October volumes at the Port of Los Angeles (POLA) and the Port of Long Beach (POLB) were down, to varying, degrees, according to data respectively issued by each port late last week.

POLA reported that total volume for the month, at 770,189 TEU (twenty-foot equivalents), was off 19.1% annually, facing a difficult annual comparison to October 2018’s record month, which was a month in which cargo owners were moving cargo at an unprecedented pace in advance of planned tariffs that were eventually delayed.  

POLA imports fell 19.1% annually to 392,768 TEU, and exports were off 19.3% to 140,332 TEU, with the latter falling for the 12th consecutive month. Empty containers, at 237,088 TEU, were off 19%. On a year-to-date basis through September, POLA volumes are off 1.75% to 6.8 million TEU.

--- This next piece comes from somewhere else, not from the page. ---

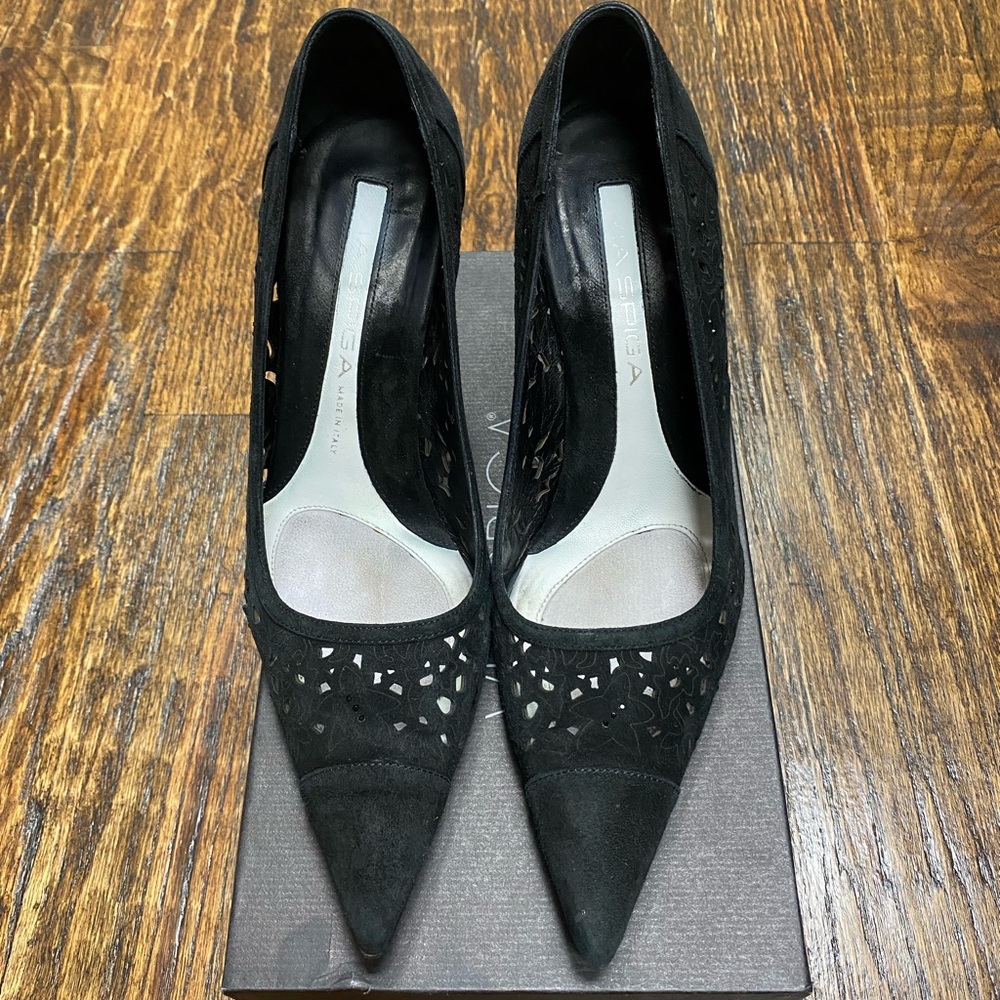 Via Spiga black suede heels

On a year-to-date basis through October, total POLA volume at 7,861,964 is up 1.8% annually.

“With 25% fewer ship calls, 12 consecutive months of declining exports and now decreasing imports, we’re beginning to feel the far-reaching effects of the U.S.-China trade war on American exporters and manufacturers,” said Port of Los Angeles Executive Director Gene Seroka in a statement. “We expect soft volumes in the months ahead and with the holiday season upon us, less cargo means fewer jobs for American workers. We need a negotiated settlement and the tariffs lifted.”

Total POLB volume, at 688,425 TEU, were off 2.4% annually. Even with the decline, this marked the second highest-volume for October over the port’s 108 years of operations.

POLB imports dropped 7.4% to 337,062 TEU, and exports rose 9.8% to 131,635 TEU. Empty containers were off 0.8% to 219,728 TEU.

Through the first ten months of 2019, total POLB volume, at 6,366,787 TEU, is off 5.4% annually.

“As the trade war lingers, these tariffs continue to impact the U.S. economy and have created uncertainty for the business of importers and exporters,” said Mario Cordero, Executive Director of the Port of Long Beach, in a statement. “We are hopeful for a prompt resolution of the tariff situation between the U.S. and China. In the meantime, we are moving forward with capital improvements that should bring long-term growth.”